After years with founding President S.B. Woo at the helm, the 80-20 Initiative and PAC -- a national organization dedicated to creating an Asian American swing vote through promoting a bloc-voting strategy -- is seeing a wave new faces on its executive committee and board of officers. The organization's new President, Kathleen To, announced the leadership changes in a release circulated on February 3.
The message also acknowledges that Woo (who was term-limited out as 80-20 president this year) leaves some very big shoes to fill. (Woo has said he will continue to play a role in the organization, possibly focusing on a recently developed education foundation project.) Indeed, To will face some challenges as she takes the helm of an organization that has been so closely aligned with the name of the founder. This identification with Woo has created some obstacles for 80-20 in its past efforts to build multipartisan coalition. Although 80-20's decision-making committees are constituted of equal numbers of Democrats, Republicans and independents, Republicans who failed to win the organization's consensus endorsements have routinely accused it of partisanship because Woo had been a Democrat when he served as Lt. Governor of Delaware.
The new leadership change, then, can provide a good opportunity for 80-20 to put some distance between itself and these charges, and to strike out in some new directions, too. The message from To suggests that a key goal is "to reach out and co-operate with all other Asian American organizations, [and] reach out to our Congressional Delegations."
For a time 80-20 was regarded as the only national, pan-Asian political action organization of note that could provide formal endorsements, it got a reputation for going things its own way and not really working in coalition with other organizations who were also dedicated to community concerns, voter participation, and so forth.
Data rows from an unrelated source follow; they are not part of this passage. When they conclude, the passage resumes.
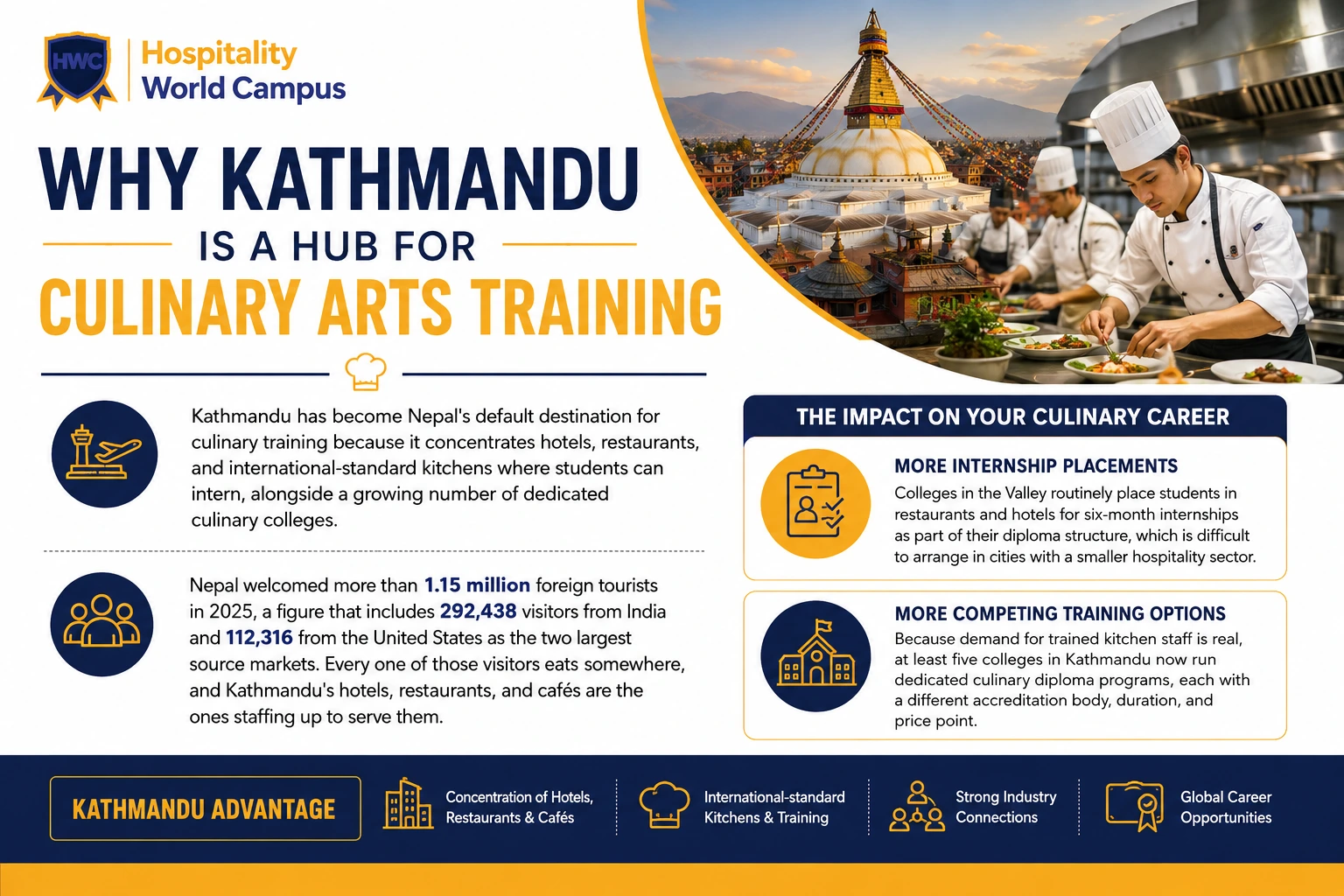 Why Kathmandu Is a Hub for Culinary Arts Training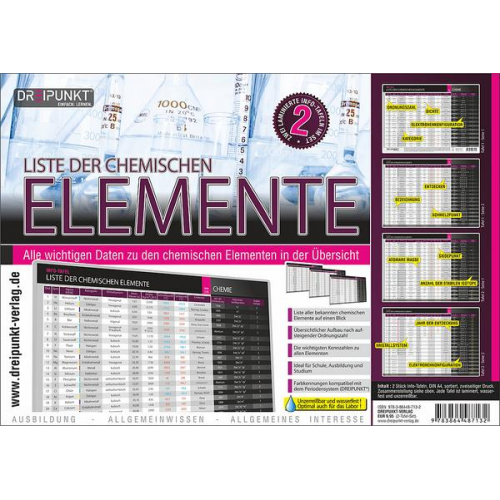 Schulze Media GmbH - Info-Tafel-Set Liste der chemischen Elemente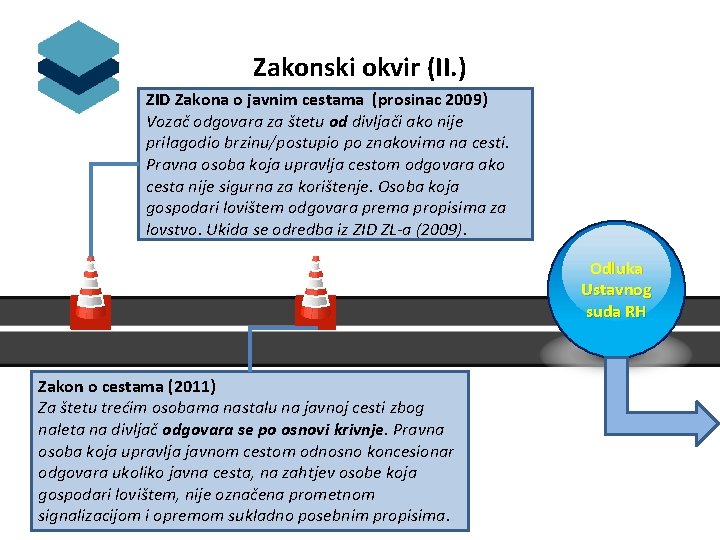 Zakonski okvir (II. ) ZID Zakona o javnim cestama (prosinac 2009) Vozač odgovara za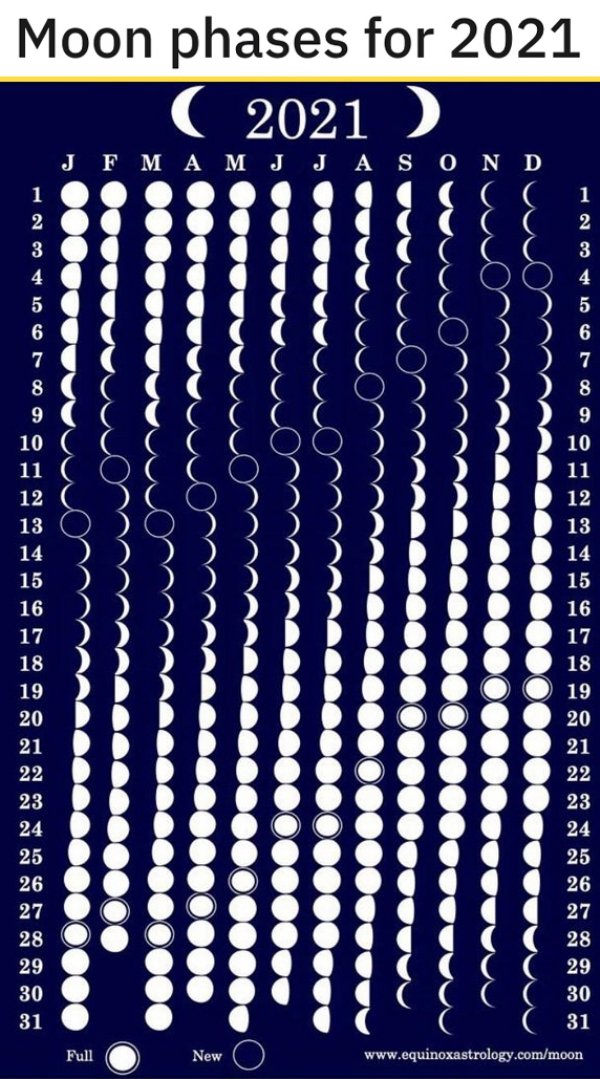 Moon phases for 2021 2021 J F M A M J J 19 20 25 26 30 O 31 0 Full 31 New O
Further, in its early years, 80-20 had reserved its endorsements and member energies exclusively for presidential races, generally shying from Congressional or gubernatorial races and leaving midterm elections alone.
Beginning last year, however, 80-20's consensus focus on combating glass ceiling discrimination through Congressional hearings gave it an opportunity to weigh in on midterm races, and it received high-level attention on the issue from the new DNC chair Howard Dean.
The new board will be holding its annual meeting in Washington DC in April. We will likely see some more announcements of new directions and deals then.